* [What to do]: Print, exactly as they appear in the listing below, the lines from the line with "Casual Shoulder Bags" to the line with "16107 Baird Court, Spring Lake, MI 49456", with both end lines kept.

* [Data excerpts]:
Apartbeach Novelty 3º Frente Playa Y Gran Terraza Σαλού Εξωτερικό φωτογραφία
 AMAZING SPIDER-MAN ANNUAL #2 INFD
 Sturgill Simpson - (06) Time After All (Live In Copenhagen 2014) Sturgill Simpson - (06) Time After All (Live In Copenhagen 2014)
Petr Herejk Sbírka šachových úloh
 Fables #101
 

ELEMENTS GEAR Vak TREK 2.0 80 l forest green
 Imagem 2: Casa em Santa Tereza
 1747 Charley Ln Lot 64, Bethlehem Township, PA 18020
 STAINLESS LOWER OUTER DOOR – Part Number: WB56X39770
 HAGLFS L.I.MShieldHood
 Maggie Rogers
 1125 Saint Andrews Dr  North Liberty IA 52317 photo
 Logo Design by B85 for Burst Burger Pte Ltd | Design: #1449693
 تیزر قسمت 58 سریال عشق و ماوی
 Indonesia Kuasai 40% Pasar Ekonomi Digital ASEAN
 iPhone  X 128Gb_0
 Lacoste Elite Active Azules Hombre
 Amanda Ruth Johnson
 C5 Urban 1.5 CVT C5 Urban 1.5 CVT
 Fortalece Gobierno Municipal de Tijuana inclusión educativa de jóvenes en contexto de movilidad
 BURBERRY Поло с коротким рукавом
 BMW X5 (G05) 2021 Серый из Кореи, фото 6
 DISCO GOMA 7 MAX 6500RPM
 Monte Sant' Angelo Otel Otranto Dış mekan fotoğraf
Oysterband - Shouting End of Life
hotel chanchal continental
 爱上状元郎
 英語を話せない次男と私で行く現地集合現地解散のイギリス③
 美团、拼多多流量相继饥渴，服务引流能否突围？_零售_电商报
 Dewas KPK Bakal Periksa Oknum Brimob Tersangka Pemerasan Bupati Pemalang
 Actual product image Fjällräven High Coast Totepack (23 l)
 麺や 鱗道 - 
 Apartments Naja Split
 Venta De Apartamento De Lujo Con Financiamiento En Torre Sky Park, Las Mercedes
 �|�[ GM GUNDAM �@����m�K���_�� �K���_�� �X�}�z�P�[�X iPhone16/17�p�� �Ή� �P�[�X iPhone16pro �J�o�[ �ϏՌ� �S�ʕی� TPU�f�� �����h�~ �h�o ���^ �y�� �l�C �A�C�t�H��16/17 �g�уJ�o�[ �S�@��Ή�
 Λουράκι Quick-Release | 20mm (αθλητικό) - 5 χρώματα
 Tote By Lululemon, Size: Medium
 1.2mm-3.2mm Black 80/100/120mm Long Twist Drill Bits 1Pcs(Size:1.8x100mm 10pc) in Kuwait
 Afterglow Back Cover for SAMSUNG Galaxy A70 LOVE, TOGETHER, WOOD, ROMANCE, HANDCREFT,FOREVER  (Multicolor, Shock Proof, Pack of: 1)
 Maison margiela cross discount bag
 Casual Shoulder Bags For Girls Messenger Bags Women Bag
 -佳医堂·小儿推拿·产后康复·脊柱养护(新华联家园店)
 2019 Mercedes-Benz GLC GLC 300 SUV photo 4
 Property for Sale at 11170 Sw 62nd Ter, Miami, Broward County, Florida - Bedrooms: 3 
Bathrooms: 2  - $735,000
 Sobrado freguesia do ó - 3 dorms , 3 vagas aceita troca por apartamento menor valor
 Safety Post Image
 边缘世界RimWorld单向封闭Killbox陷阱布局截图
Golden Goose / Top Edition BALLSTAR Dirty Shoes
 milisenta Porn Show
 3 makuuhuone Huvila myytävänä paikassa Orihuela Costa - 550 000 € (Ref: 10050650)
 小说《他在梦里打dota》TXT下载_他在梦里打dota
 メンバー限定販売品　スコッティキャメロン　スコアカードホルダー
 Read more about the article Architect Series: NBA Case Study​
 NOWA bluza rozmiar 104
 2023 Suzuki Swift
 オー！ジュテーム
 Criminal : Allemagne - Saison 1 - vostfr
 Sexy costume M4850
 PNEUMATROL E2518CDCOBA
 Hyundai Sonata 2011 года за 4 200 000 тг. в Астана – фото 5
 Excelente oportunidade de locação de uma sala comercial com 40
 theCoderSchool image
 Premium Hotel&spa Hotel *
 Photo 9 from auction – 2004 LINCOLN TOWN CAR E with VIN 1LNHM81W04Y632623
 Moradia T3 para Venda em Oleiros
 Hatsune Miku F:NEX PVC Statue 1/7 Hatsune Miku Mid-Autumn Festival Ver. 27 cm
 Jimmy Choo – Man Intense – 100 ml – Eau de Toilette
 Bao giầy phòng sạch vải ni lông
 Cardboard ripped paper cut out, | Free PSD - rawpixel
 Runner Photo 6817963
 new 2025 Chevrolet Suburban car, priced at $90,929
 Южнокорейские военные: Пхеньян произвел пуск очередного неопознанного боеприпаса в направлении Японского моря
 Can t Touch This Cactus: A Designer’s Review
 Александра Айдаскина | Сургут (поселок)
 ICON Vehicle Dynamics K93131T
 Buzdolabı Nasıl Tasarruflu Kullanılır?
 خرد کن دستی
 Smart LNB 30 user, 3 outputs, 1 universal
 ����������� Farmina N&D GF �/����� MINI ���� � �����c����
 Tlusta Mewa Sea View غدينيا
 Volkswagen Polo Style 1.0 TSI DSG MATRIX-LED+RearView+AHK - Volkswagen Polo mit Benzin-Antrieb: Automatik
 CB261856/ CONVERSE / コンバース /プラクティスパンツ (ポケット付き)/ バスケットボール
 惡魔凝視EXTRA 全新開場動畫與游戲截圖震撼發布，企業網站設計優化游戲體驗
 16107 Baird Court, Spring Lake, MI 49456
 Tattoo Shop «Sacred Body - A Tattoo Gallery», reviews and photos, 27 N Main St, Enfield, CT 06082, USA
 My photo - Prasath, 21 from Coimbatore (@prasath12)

* [Solution to the exercise]:
 Casual Shoulder Bags For Girls Messenger Bags Women Bag
 -佳医堂·小儿推拿·产后康复·脊柱养护(新华联家园店)
 2019 Mercedes-Benz GLC GLC 300 SUV photo 4
 Property for Sale at 11170 Sw 62nd Ter, Miami, Broward County, Florida - Bedrooms: 3 
Bathrooms: 2  - $735,000
 Sobrado freguesia do ó - 3 dorms , 3 vagas aceita troca por apartamento menor valor
 Safety Post Image
 边缘世界RimWorld单向封闭Killbox陷阱布局截图
Golden Goose / Top Edition BALLSTAR Dirty Shoes
 milisenta Porn Show
 3 makuuhuone Huvila myytävänä paikassa Orihuela Costa - 550 000 € (Ref: 10050650)
 小说《他在梦里打dota》TXT下载_他在梦里打dota
 メンバー限定販売品　スコッティキャメロン　スコアカードホルダー
 Read more about the article Architect Series: NBA Case Study​
 NOWA bluza rozmiar 104
 2023 Suzuki Swift
 オー！ジュテーム
 Criminal : Allemagne - Saison 1 - vostfr
 Sexy costume M4850
 PNEUMATROL E2518CDCOBA
 Hyundai Sonata 2011 года за 4 200 000 тг. в Астана – фото 5
 Excelente oportunidade de locação de uma sala comercial com 40
 theCoderSchool image
 Premium Hotel&spa Hotel *
 Photo 9 from auction – 2004 LINCOLN TOWN CAR E with VIN 1LNHM81W04Y632623
 Moradia T3 para Venda em Oleiros
 Hatsune Miku F:NEX PVC Statue 1/7 Hatsune Miku Mid-Autumn Festival Ver. 27 cm
 Jimmy Choo – Man Intense – 100 ml – Eau de Toilette
 Bao giầy phòng sạch vải ni lông
 Cardboard ripped paper cut out, | Free PSD - rawpixel
 Runner Photo 6817963
 new 2025 Chevrolet Suburban car, priced at $90,929
 Южнокорейские военные: Пхеньян произвел пуск очередного неопознанного боеприпаса в направлении Японского моря
 Can t Touch This Cactus: A Designer’s Review
 Александра Айдаскина | Сургут (поселок)
 ICON Vehicle Dynamics K93131T
 Buzdolabı Nasıl Tasarruflu Kullanılır?
 خرد کن دستی
 Smart LNB 30 user, 3 outputs, 1 universal
 ����������� Farmina N&D GF �/����� MINI ���� � �����c����
 Tlusta Mewa Sea View غدينيا
 Volkswagen Polo Style 1.0 TSI DSG MATRIX-LED+RearView+AHK - Volkswagen Polo mit Benzin-Antrieb: Automatik
 CB261856/ CONVERSE / コンバース /プラクティスパンツ (ポケット付き)/ バスケットボール
 惡魔凝視EXTRA 全新開場動畫與游戲截圖震撼發布，企業網站設計優化游戲體驗
 16107 Baird Court, Spring Lake, MI 49456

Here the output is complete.